Home > manopt > solvers > barzilaiborwein > barzilaiborwein.m

barzilaiborwein

PURPOSE ^

Riemannian Barzilai-Borwein solver with non-monotone line-search.

SYNOPSIS ^

function [x, cost, info, options] = barzilaiborwein(problem, x, options)

DESCRIPTION ^

 Riemannian Barzilai-Borwein solver with non-monotone line-search.

 function [x, cost, info, options] = barzilaiborwein(problem)
 function [x, cost, info, options] = barzilaiborwein(problem, x0)
 function [x, cost, info, options] = barzilaiborwein(problem, x0, options)
 function [x, cost, info, options] = barzilaiborwein(problem, [], options)

 Apply the Barzilai-Borwein minimization algorithm to the problem defined
 in the problem structure, starting at x0 if it is provided (otherwise, at
 a random point on the manifold). To specify options whilst not specifying
 an initial guess, give x0 as [] (the empty matrix).

 The algorithm uses its own special non-monotone line-search strategy.
 Therefore, no lin-search algorithm should be specified in the problem
 structure or in the options structure.

 In most of the examples bundled with the toolbox (see link below), the
 solver can be replaced by the present one if need be.

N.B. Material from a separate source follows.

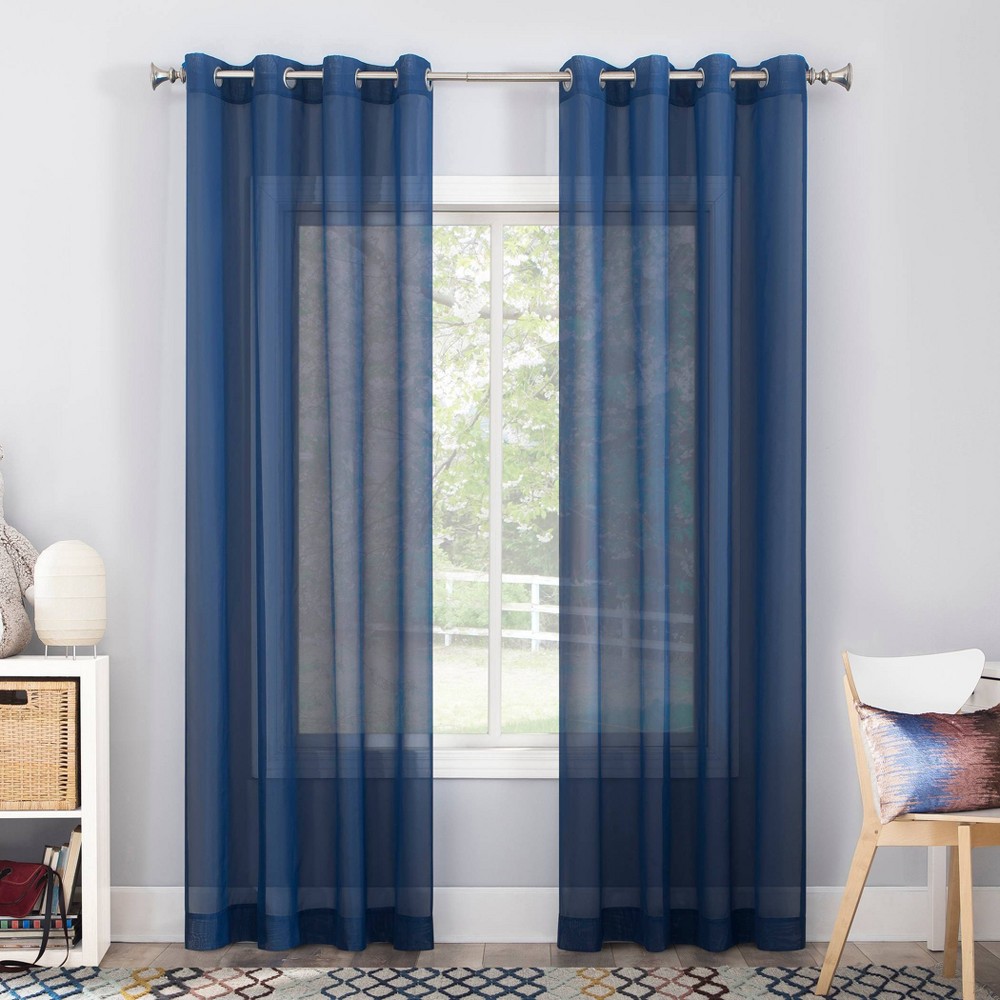 Photos - Curtains & Drapes 84"x59" Calypso Sheer Voile Grommet Top Curtain Panel Royal Blue - No. 918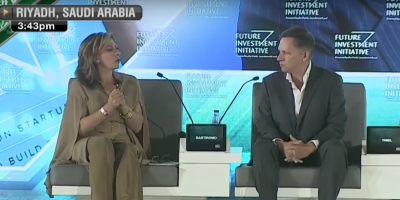 Peter Thiel and Maria Bartiromo speaking in Riyadh, Saudi Arabia at the Future Investment Initiative on Oct. 26, 2017.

 The outputs x and cost are the last reached point on the manifold and its
 cost. This is not necessarily the best point generated since the method
 is not monotone. The struct-array info contains information about the
 iterations:
   iter : the iteration number (0 for the initial guess)
   cost : cost value
   time : elapsed time in seconds
   gradnorm : Riemannian norm of the gradient
   stepsize : norm of the last tangent vector retracted
   linesearch : information logged by the line-search algorithm
   And possibly additional information logged by options.statsfun.
 For example, type [info.gradnorm] to obtain a vector of the successive
 gradient norms reached.

 The options structure is used to overwrite the default values. All
 options have a default value and are hence optional. To force an option
 value, pass an options structure with a field options.optionname, where
 optionname is one of the following and the default value is indicated
 between parentheses:

   tolgradnorm (1e-6)
       The algorithm terminates if the norm of the gradient drops below this.
   maxiter (1000)
       The algorithm terminates if maxiter iterations have been executed.
   maxtime (Inf)
       The algorithm terminates if maxtime seconds elapsed.
   minstepsize (1e-10)
       The algorithm terminates if the linesearch returns a displacement
       vector (to be retracted) smaller in norm than this value.
   linesearch (@linesearch_hint)
       This option should not be changed, as the present solver has its
       own dedicated line-search strategy.
   strategy ('direct')
       The strategy used for the Barzilai-Borwein stepsize
       'direct', compute the direct step <s_k,s_k>/<s_k,y_k>
       'inverse', compute the inverse step <s_k,y_k>/<y_k,y_k>
       'alternate', alternates between direct and inverse step
   lambdamax (1e3)
       The maximum stepsize allowed by the Barzilai-Borwein method
   lambdamin (1e-3)
       The minimum stepsize allowed by the Barzilai-Borwein method
   lambda0 (1/10)
       The initial stepsize of the Barzilai-Borwein method
   ls_nmsteps (10)
       The non-monotone line-search checks a sufficient decrease with respect
       to the previous ls_nmsteps objective function values.
   statsfun (none)
       Function handle to a function that will be called after each
       iteration to provide the opportunity to log additional statistics.
       They will be returned in the info struct. See the generic Manopt
       documentation about solvers for further information.
   stopfun (none)
       Function handle to a function that will be called at each iteration
       to provide the opportunity to specify additional stopping criteria.
       See the generic Manopt documentation about solvers for further
       information.
   verbosity (3)
       Integer number used to tune the amount of output the algorithm
       generates during execution (mostly as text in the command window).
       The higher, the more output. 0 means silent.
   storedepth (2)
       Maximum number of different points x of the manifold for which a
       store structure will be kept in memory in the storedb. If the
       caching features of Manopt are not used, this is irrelevant. For
       this algorithm, a store depth of 2 should always be sufficient.
   

 The implementation of the Barzilai-Borwein method is based on the paper:

 B. Iannazzo, M. Porcelli, "The Riemannian Barzilai-Borwein method with 
 nonmonotone line-search and the matrix geometric mean computation",
 IMA Journal of Numerical Analysis, to appear, https://doi.org/10.1093/imanum/drx015.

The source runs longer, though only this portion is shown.